Baidu Fires Head of Group-Buying Arm Over Ethics ViolationsBloomberg News
Company is now overhauling the loss-making Nuomi division
Nuomi lags rivals despite substantial investment from Baidu
Baidu Inc. has fired Zeng Liang, head of its Nuomi group-buying division, citing violations of the search company’s ethics.
Senior Vice President Xiang Hailong will become head of Nuomi, a loss-making business that sells discounted Groupon-like products and services, after Zeng’s contract was terminated, Baidu said in an emailed statement Thursday. Zeng had admitted committing the violations and compensated the company for any losses as a result, Beijing-based Baidu said.
Zeng’s alleged breaches are the latest piece of bad news for Nuomi, which has failed to gain traction against rivals despite substantial investments by its parent company. In 2015, Baidu Chief Executive Officer Robin Li pledged to invest 20 billion yuan ($2.9 billion) over three years into the division and other businesses that fulfill online orders with physical services. But Nuomi has a quarter of the market share held by chief rival Meituan Dianping, according a Feb. 24 note by Natalie Wu, a China International Capital Corp. analyst.

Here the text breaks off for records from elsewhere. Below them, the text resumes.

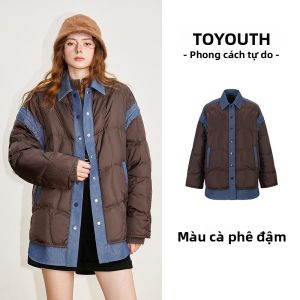 Toyouth | Áo Khoác Mùa Đông Nữ 90% Lông Vũ Giả Hai Phần Chống Tĩnh Điện Nhẹ 2026 Hàng Mới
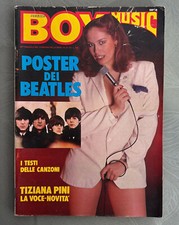 BOY MUSIC SETTIMANALE N.21/22  DEL 1979-POSTER BEATLES+TESTI DELLE CANZONI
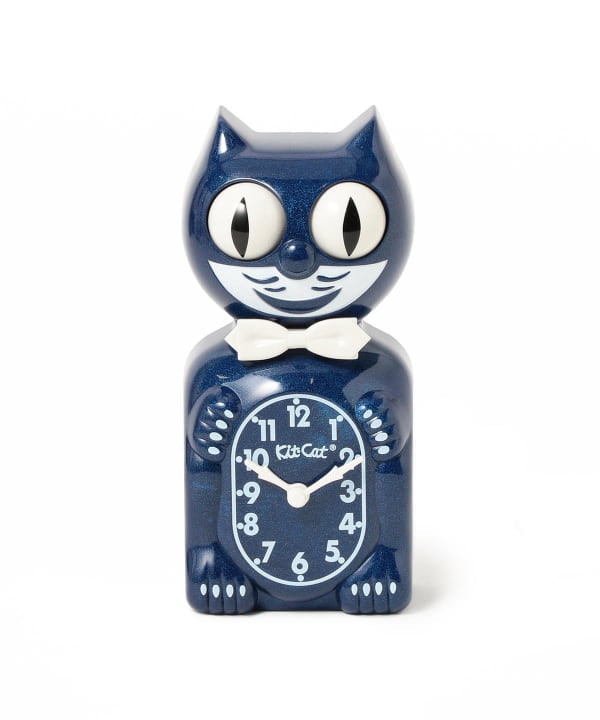 値下げしました）kit-cat klock BEAMSで購入 猫の時計掛時計/柱時計 ...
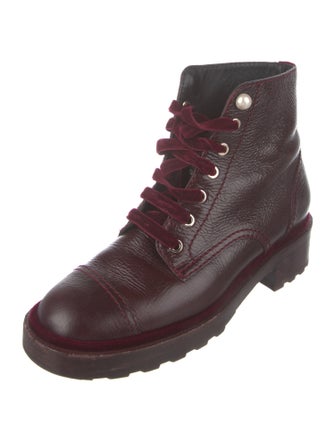 Chanel 2019 Interlocking CC Logo Combat Boots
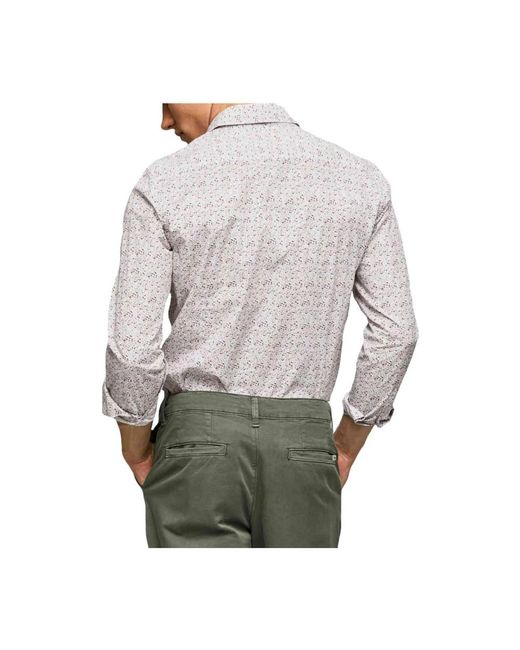 Pepe Jeans Gray Casual Shirts for men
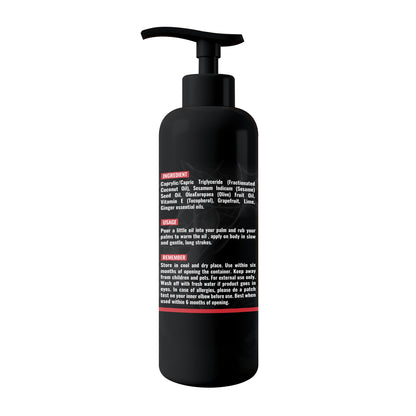 Organic Edible Citrusy Massage Oil for Couples – No-Stain & Non-Sticky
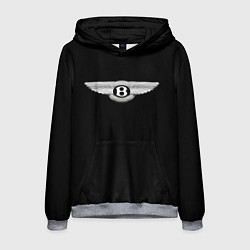 Толстовка-худи мужская Bentley logo, цвет: 3D-меланж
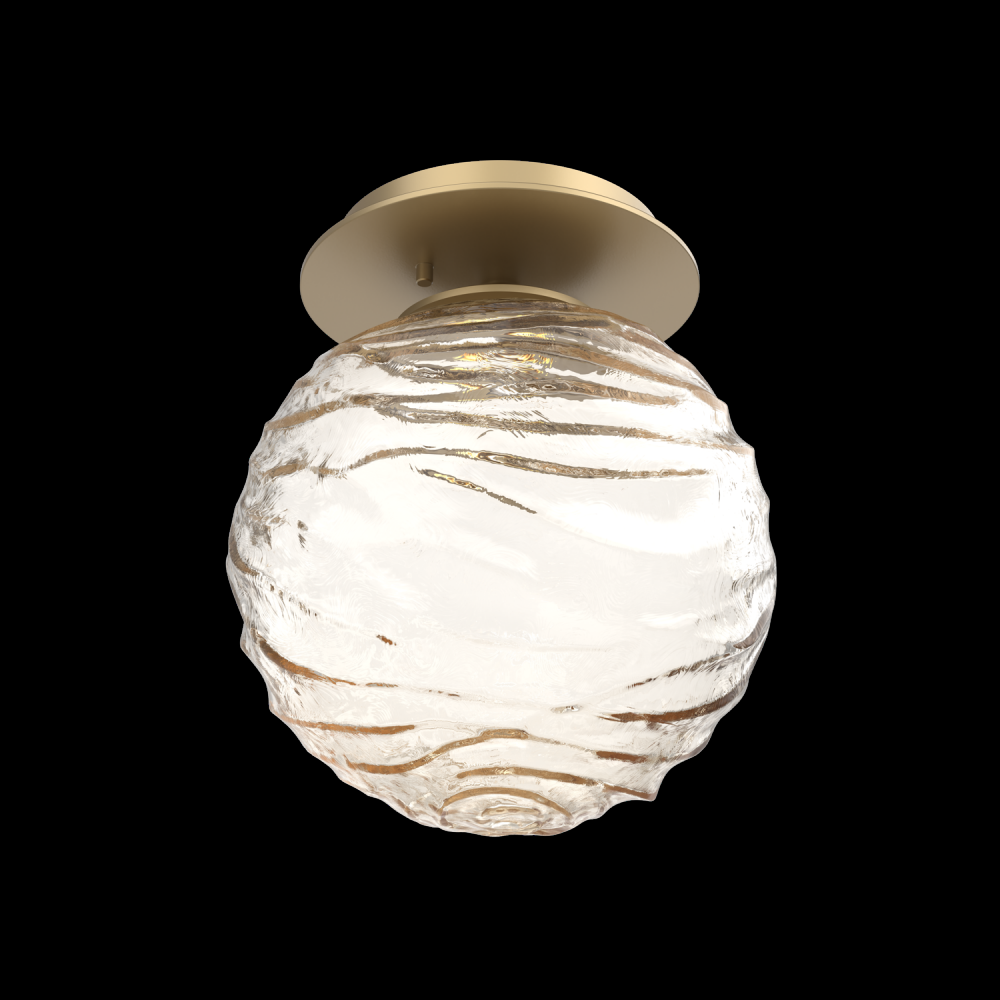 Single Glass Sconce & Flush Mount - Gaia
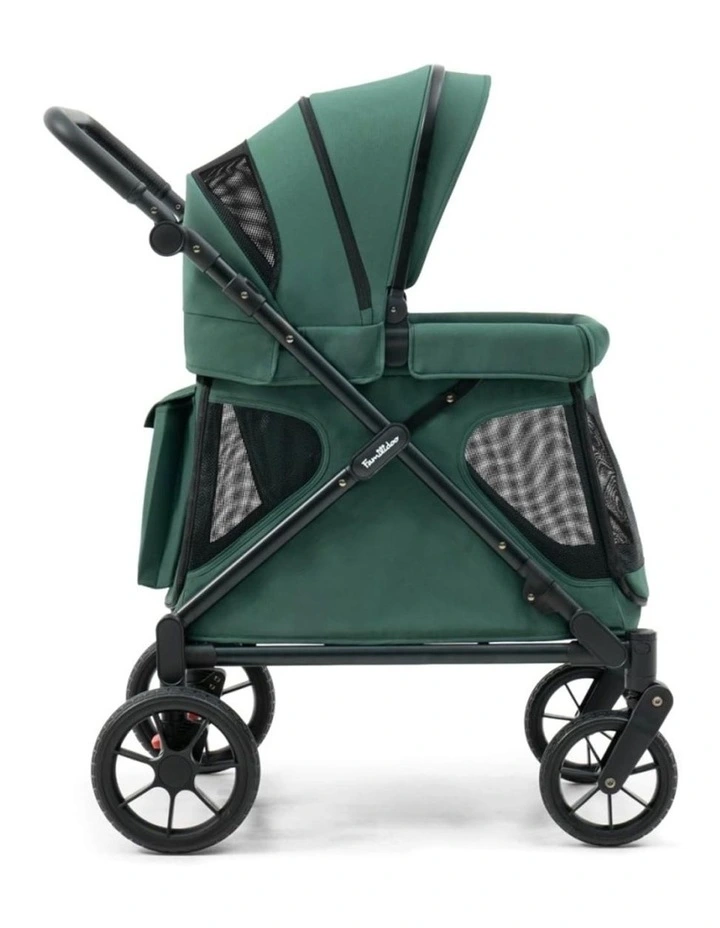 Familidoo Q1 2.0 Wagon Stroller Emerald Green Multi-Use image 1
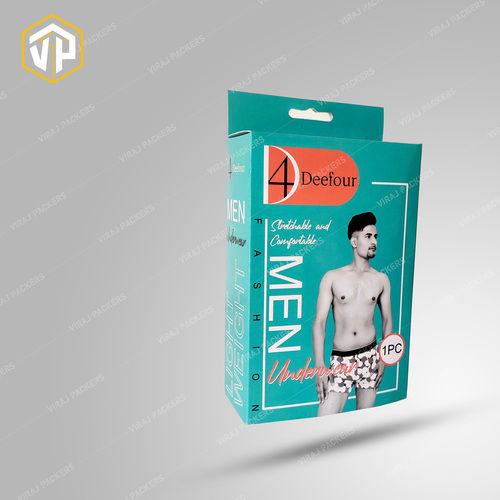 Customized Mens Wear Packaging Box / Custom Underwear Packaging boxes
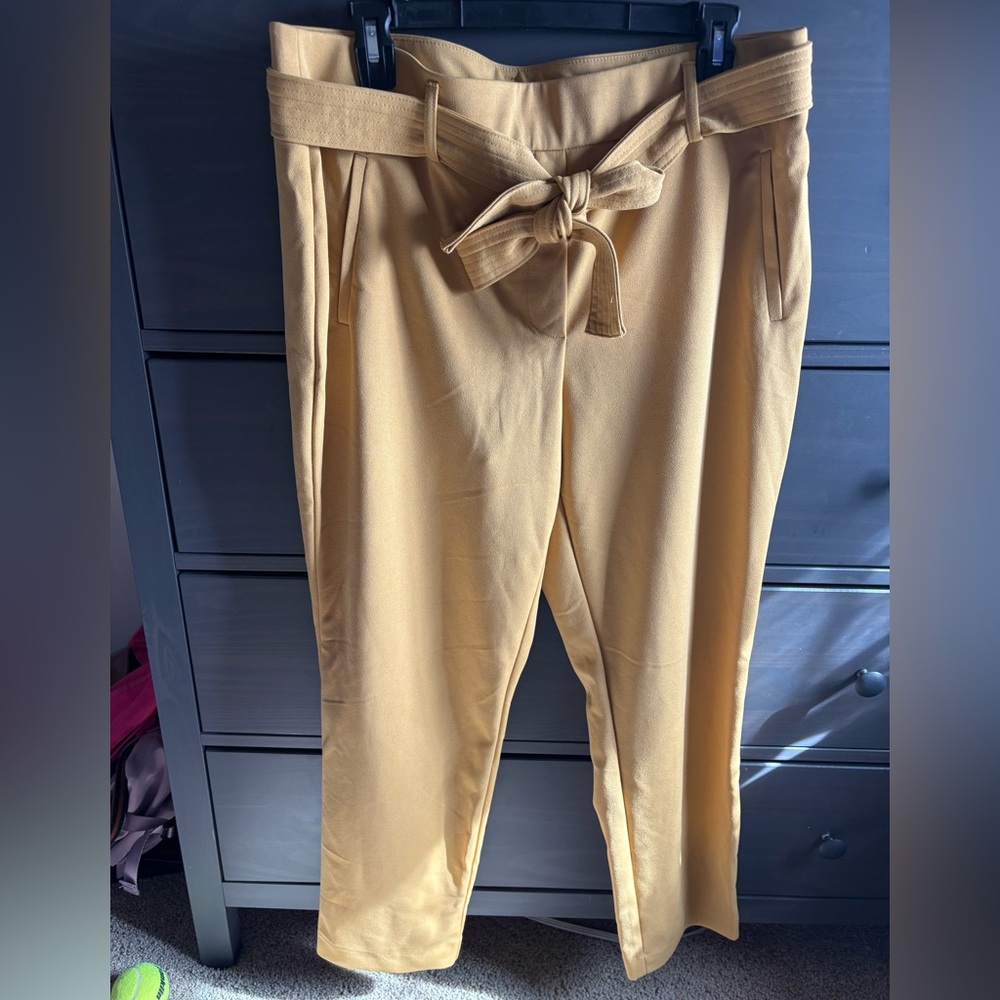 Jules & Leopold Mustard Tie-Waist Trousers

Zeng’s dismissal comes as President Qi Lu overhauls the company’s sprawling businesses, including folding autonomous car operations into its own division. The company is revamping Nuomi to further pool resources and strengthen customer service, it said. Baidu declined to make Zeng available for comment and said he’d already left the company. Messages sent by Bloomberg News to his LinkedIn account weren’t answered.
On its fourth quarter earnings call, Baidu said its non-GAAP operating margins shrank in 2016 thanks to transaction services, which includes Nuomi. The company may now take the opportunity to completely overhaul the business.
“Some investors may look at this in a positive light because they may think Baidu hasn’t been doing that well,” said Marie Sun, an analyst with Morningstar Investment Services. “This kind of restructuring is a sign they’re actively trying to get it onto the right track.”
“For Baidu’s O2O business, investors are hoping it won’t spend as much as before,” she added.
Indeed, the company reported expenses for the fourth quarter of 2016 fell by 26.4 percent, thanks mainly to a decreased promotional spending in transaction services.
The search giant wouldn’t specify Zeng’s alleged breaches except to say they involved his profiting from under-the-table transactions with representatives that deal with major clients. The violations took place when he was in charge of such key accounts, the company said.
Zeng was cited as the head of Nuomi as recently as September 2016 by local media outlets, when he denied persistent rumors that the business was merging with Meituan Dianping. In 2015, he was one of several directors appointed to the board of Qunar.com, an online travel agent backed by Baidu, and previously worked for Microsoft Corp. in China.